Restate the listing below word for word, and leave its pictures behind.

▶ [Exercise data]
============

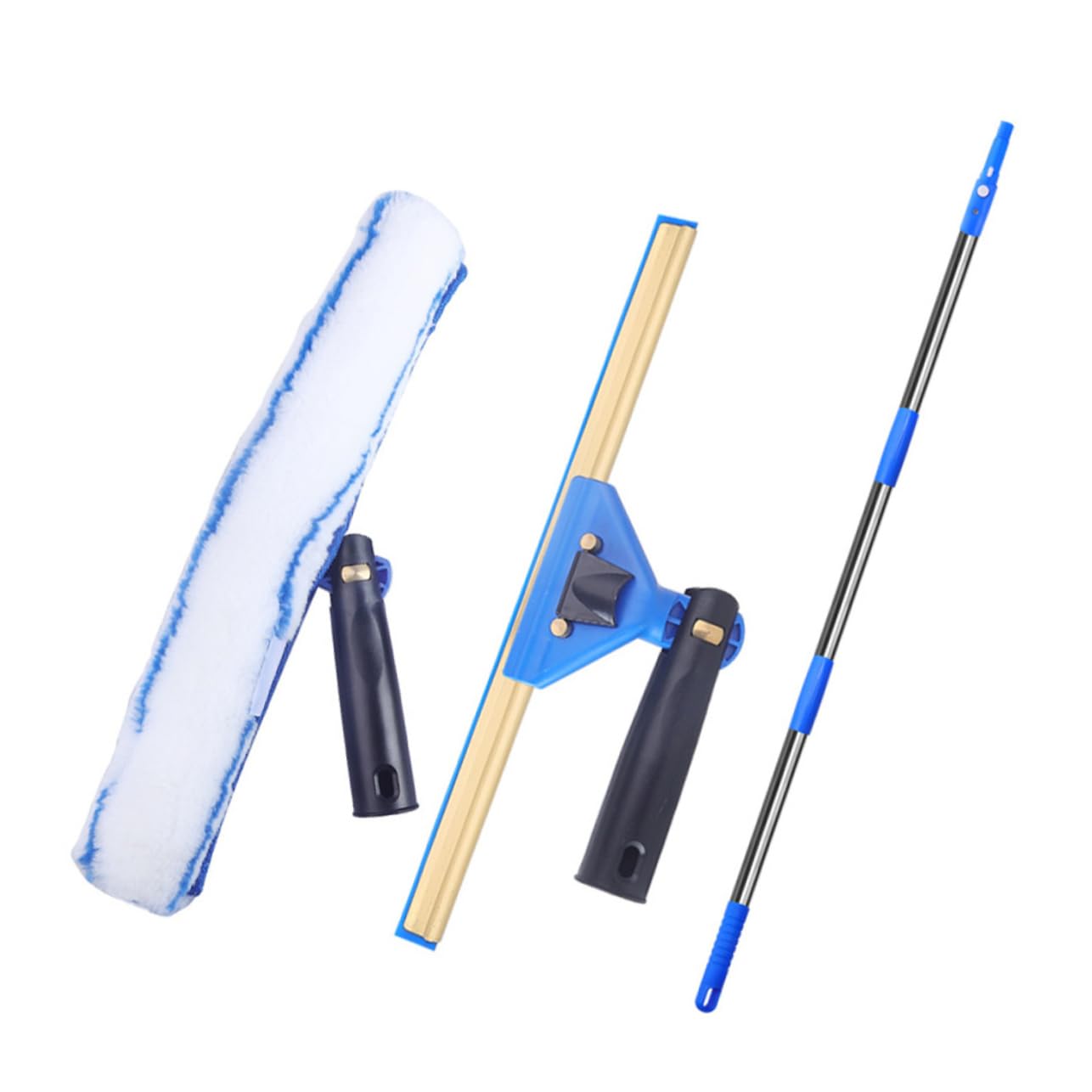 Mikinona 1 Juego Limpiacristales con Mango Extensible y Paño de Microfibra Kit para Limpieza de Ventanas Puertas Correderas y Cristales de Ducha Herramienta Práctica y Ligera para Hogar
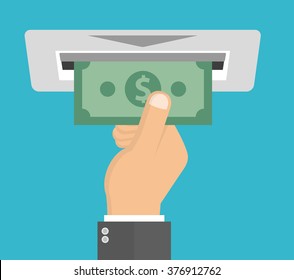 Withdraw money from ATM slot - flat style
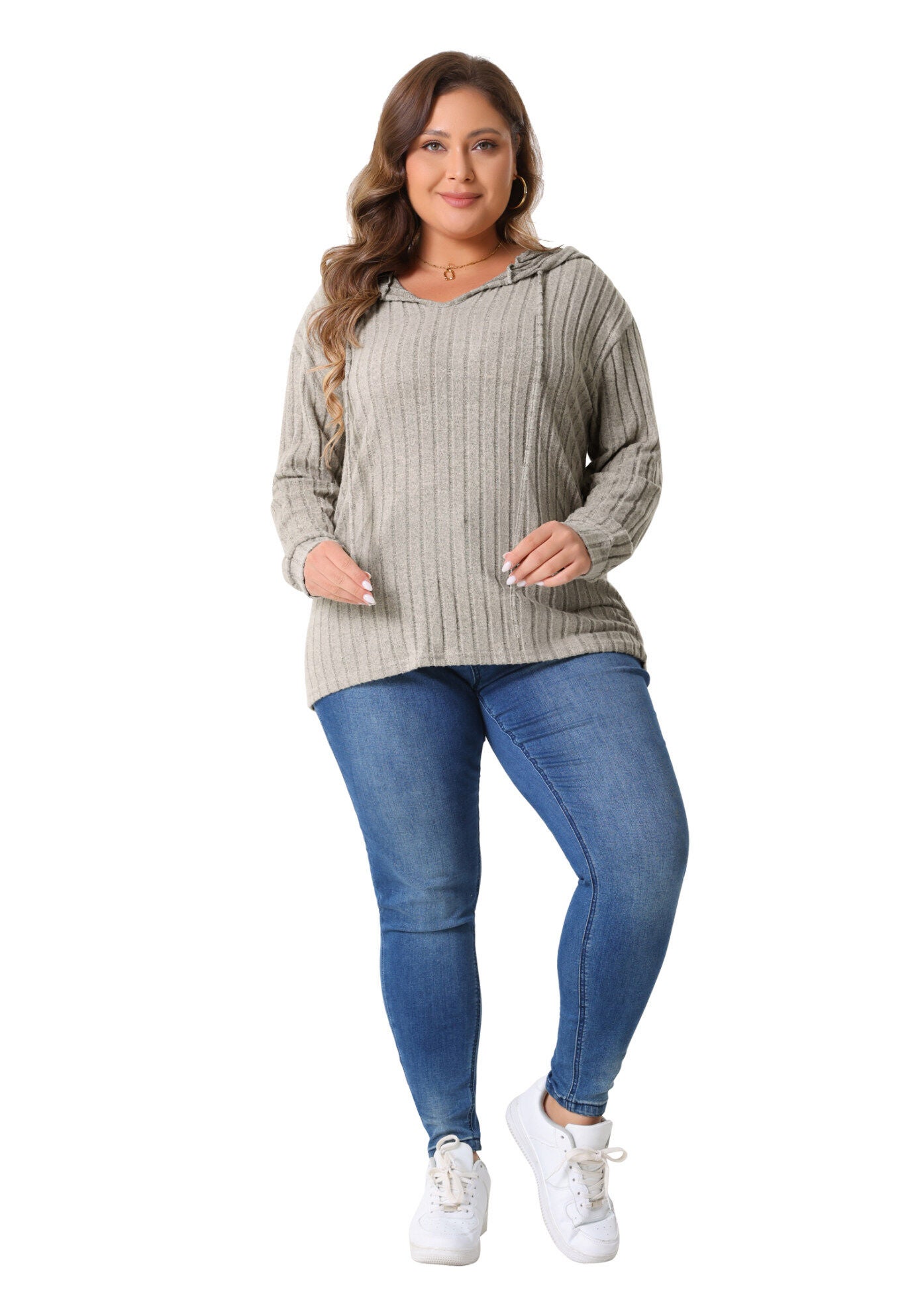 Pullover Lightweight Drawstring Sweatshirt Hoodie, Khaki / Warm Grey, hi-res image number 0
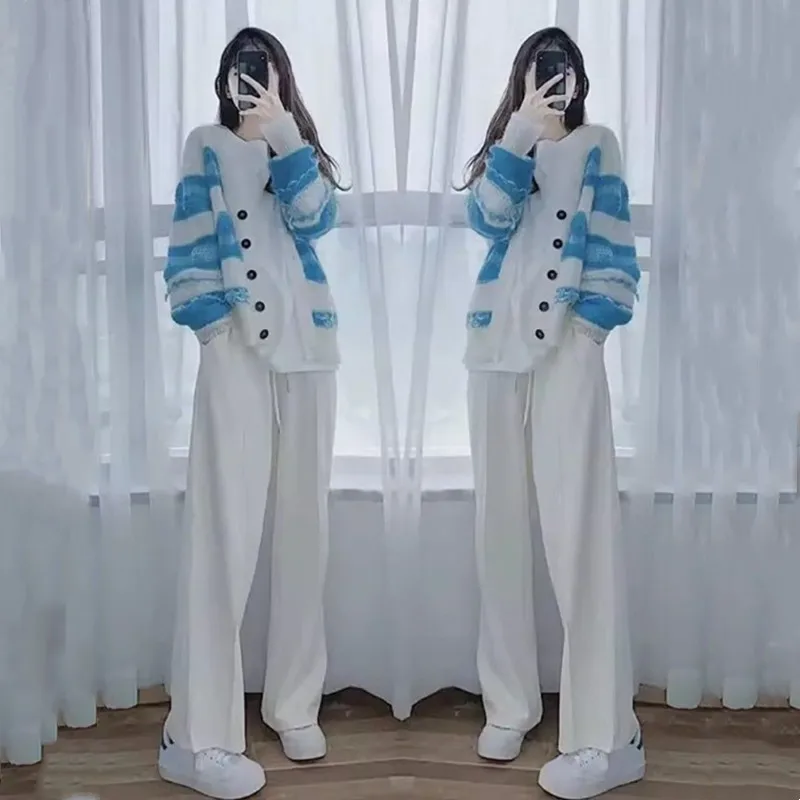 New fashion women's knitted sweater+straight leg wide leg pants two-piece set for autumn and winter of 2025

============

▶ [Answer section]
 Mikinona 1 Juego Limpiacristales con Mango Extensible y Paño de Microfibra Kit para Limpieza de Ventanas Puertas Correderas y Cristales de Ducha Herramienta Práctica y Ligera para Hogar
 Withdraw money from ATM slot - flat style
 Pullover Lightweight Drawstring Sweatshirt Hoodie, Khaki / Warm Grey, hi-res image number 0
 New fashion women's knitted sweater+straight leg wide leg pants two-piece set for autumn and winter of 2025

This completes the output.